44. The method of any one of claims 36-43, comprising demodulating by the impedance analyzer impedance responses of the microfluidic flow channels from the output signal received from the common electrode.

45. The method of any one of claims 36-44, comprising applying a wavelet filter to the output signal.

46. The method of any one of claims 36-45, further comprising applying a Hampel filter to the output signal.

47. The method of any one of claims 36-46, wherein the biological entity comprises a bacterium, a virus, a protein, a microparticle, a nanoparticle, a nucleic acid, a biomarker, or a bead with a biological material attached thereto.

48. The method of any one of claims 36-46, wherein the biological entity comprises any one of red blood cell, white blood cell, platelet, hematocrit, hemoglobin, neutrophil, lymphocyte, microbial, and a combination thereof.

49. The method of claim 48, comprising determining a number, a concentration, or a percentage of one or more of white blood cells, lymphocytes, and neutrophils in the sample.

50. The method of any one of claims 36-49, comprising determining a neutrophil: lymphocyte ratio.

51 . The method of claim 50, comprising identifying a disease or disorder or monitoring progression of the disease or disorder by comparing the neutrophil: lymphocyte ratio to a control ratio.

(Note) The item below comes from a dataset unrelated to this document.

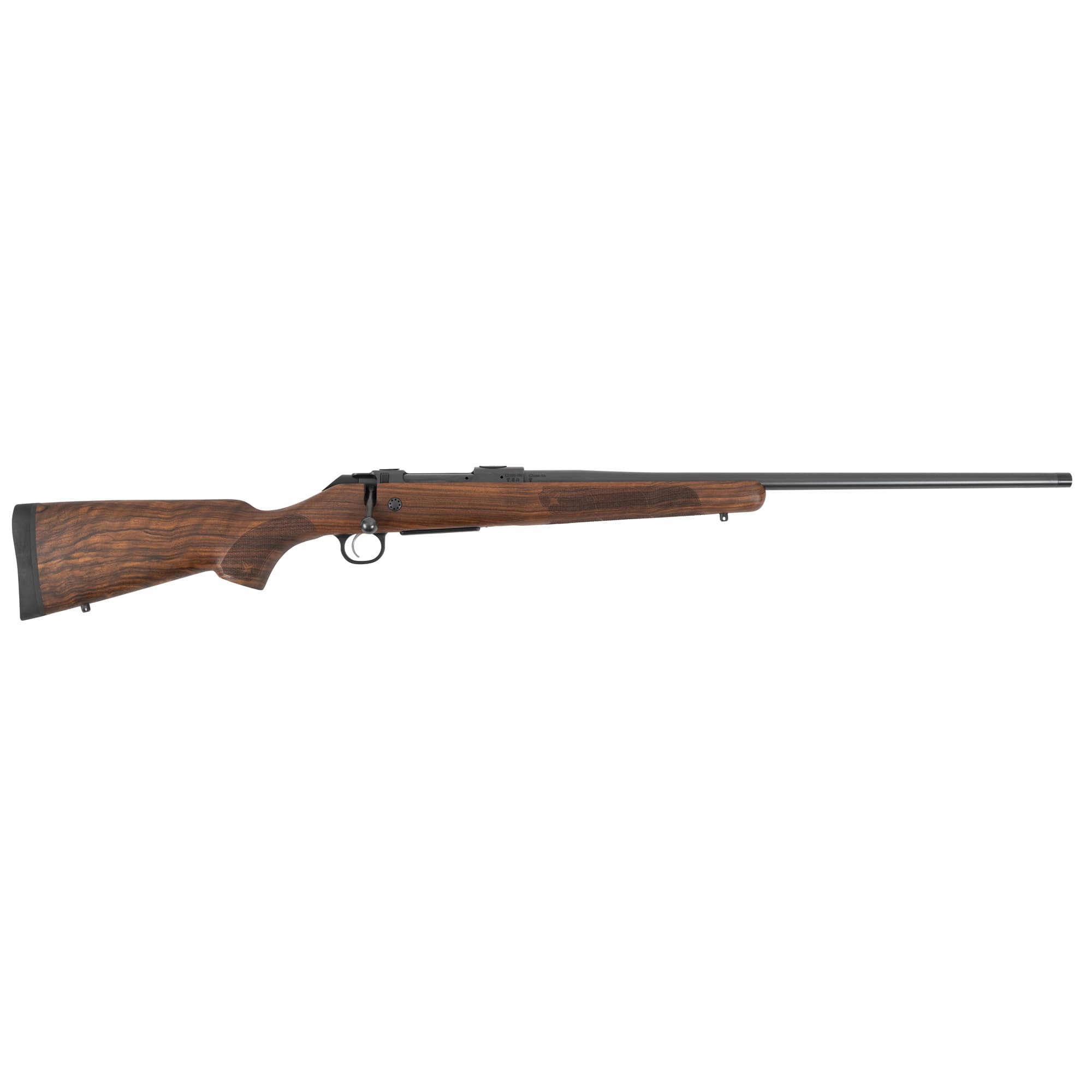 CZ, CZ 600 American ST2, 308 Winchester, 20 in Barrel Threaded, 5 Rounds, Satin Finish, Grade A Dark Walnut Stock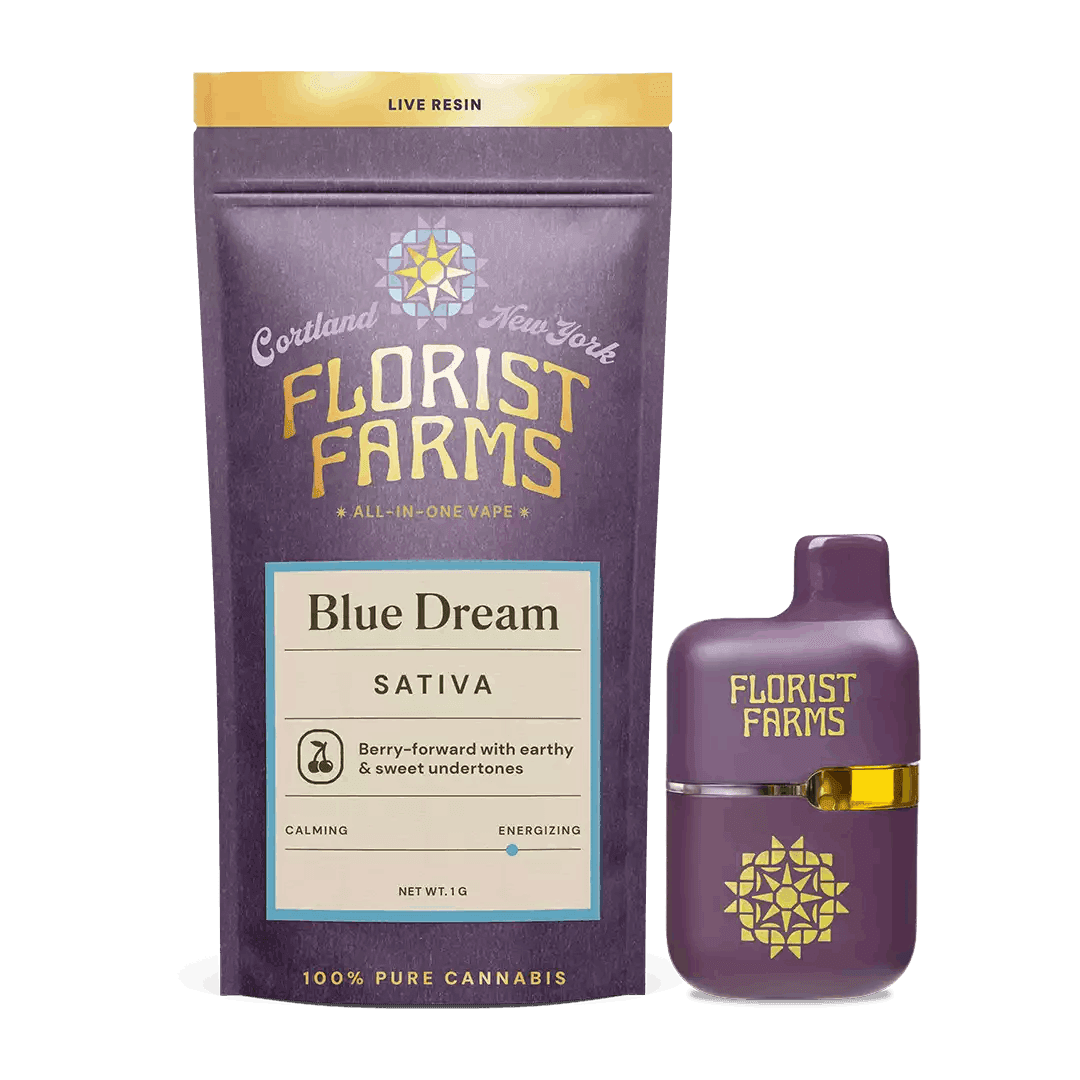 Blue Dream • Disposable Live Resin Vape • 1g - Florist Farms | Treehouse Cannabis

52. The method of any one of claims 37-51, comprising identifying a disease or disorder or monitoring progression of the disease or disorder based on one or more characteristics selected from white blood cell counts, concentration of neutrophils, percentage of neutrophils, volume of neutrophils, concentration of lymphocytes, percentage of lymphocytes, volume of neutrophils, volume of lymphocytes, neutrophil to lymphocyte ratio, flagging high or low WBC levels, neutrophil levels, or lymphocytes, volume distribution skew, conductivity and electrical scattering properties of cells, membrane capacitance and conductivity, cytoplasm electrical properties, and others.

53. The method of claim 52, wherein identifying a disease or disorder or monitoring progression of the disease or disorder is performed by a machine learning module.

54. The method of any one of claims 37-53, wherein the disease or disorder is a bacterial or viral infection.

55. The method of claim 54, wherein the disease or disorder comprises influenza or SARS-CoV-2.

56. The method of any one of claims 36-55, wherein the sample comprises a bodily fluid.

57. The method of claim 56, wherein the bodily fluid comprises blood.

58. The method of any one of claims 36-57, further comprising contacting the sample with a lysis reagent for a period of time.